The Art of Locking Granularity: Segmented Sharding and Pre-Hashing in Concurrent Sets
In high-concurrency systems, the standard library's Mutex<HashMap<K, V>> is often a performance bottleneck. When dozens of threads contend for a single global lock, CPU time is wasted on context switching and lock waiting rather than actual business logic.
Today, we explore a pattern widely proven in the industry: the combination of Lock Sharding and Pre-hashing.
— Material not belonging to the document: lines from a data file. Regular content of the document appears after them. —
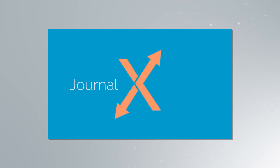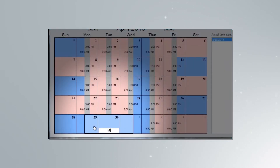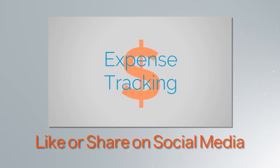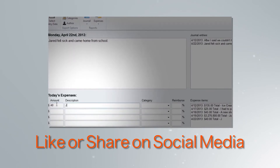Dad's Divorce will be giving away three deluxe licenses of the Custody Exchange software, which has a value of $297 each. Simply like or share this video on social media and we will randomly select three winners within the next week.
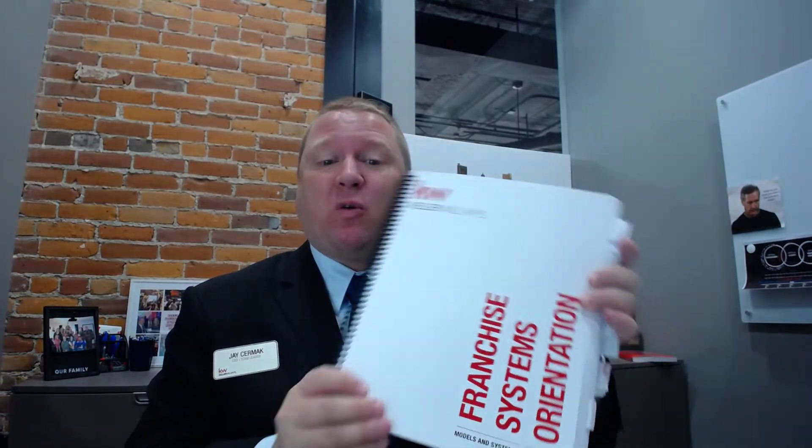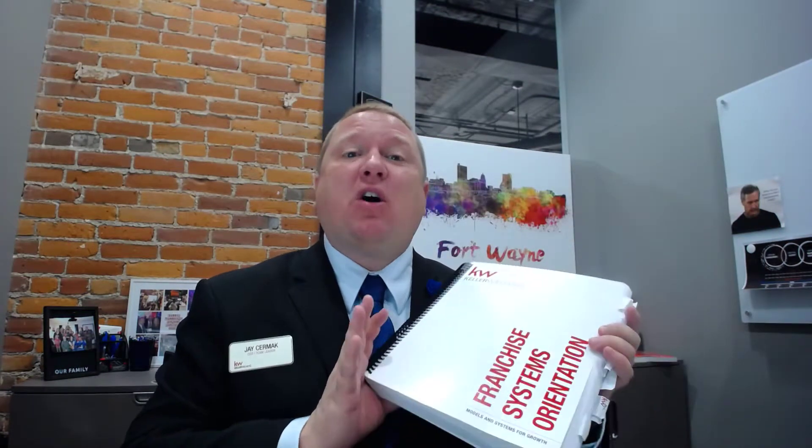Hi, Jay Sermak here and I want to share my experience with FSO recently in Austin, Texas. So what is FSO? FSO is the Franchise Systems Orientation for Keller Williams. This is just an overview of all the things Keller Williams does and all the tools that they have, including owning a market center and all that great stuff.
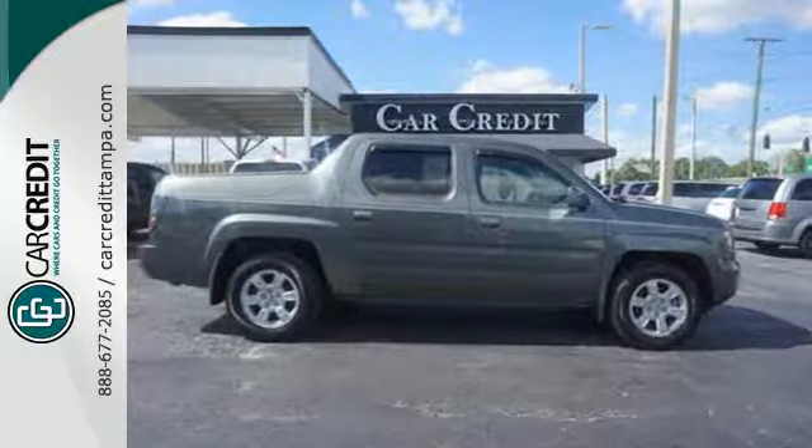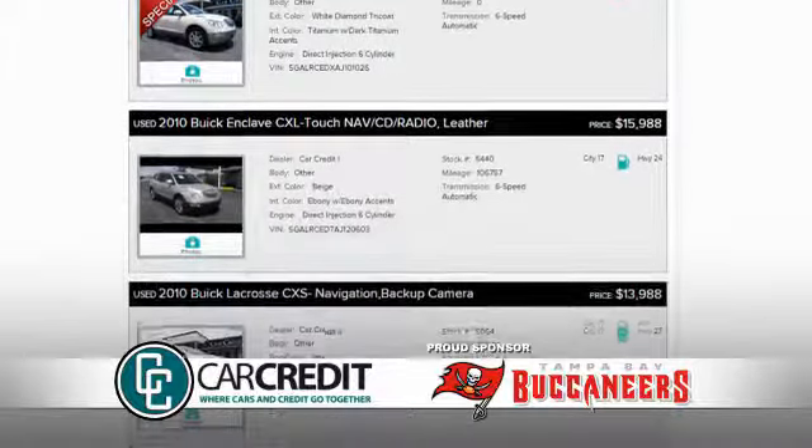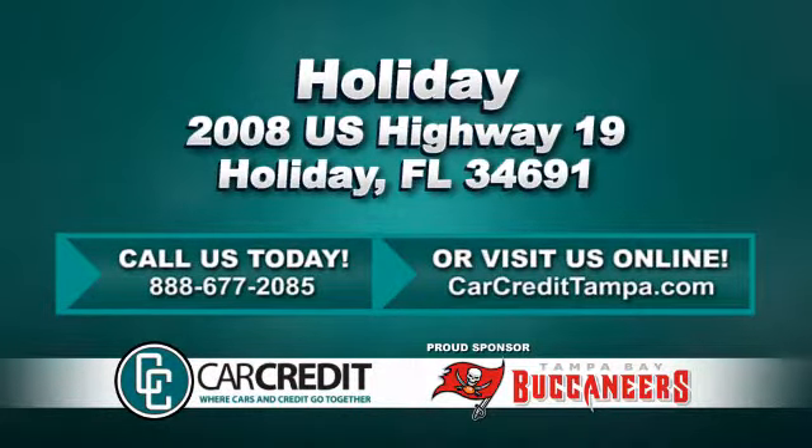Take it for a test drive today. We're confident we have the right used car, truck or SUV for you. Stop in and see us today at 2008 US Highway 19 in Holiday, Florida.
We will use Rust to demonstrate how to build a ShardedHashSet that minimizes lock contention while maintaining thread safety.
Core Design: Divide and Conquer
The core idea of lock sharding is incredibly simple: if one big lock is too slow, break it into $N$ small locks.
We divide the entire hash space into $N$ Shards. Each shard is an independent RwLock<HashSet<T>>. When inserting or looking up an element:
- Calculate the hash of the element.
- Determine which shard it belongs to via
hash % shard_count. - Lock only that specific shard.
As long as the data distribution is uniform, concurrency can theoretically improve by a factor of $N$.
Pre-hashing: Compute Once, Use Everywhere
In a sharded design, hash calculation is critical. A common pitfall involves calculating the hash once to locate the shard, and then calculating it again inside the shard's internal HashSet insertion logic. If the Key is a long string or complex object, this duplicate computation is expensive.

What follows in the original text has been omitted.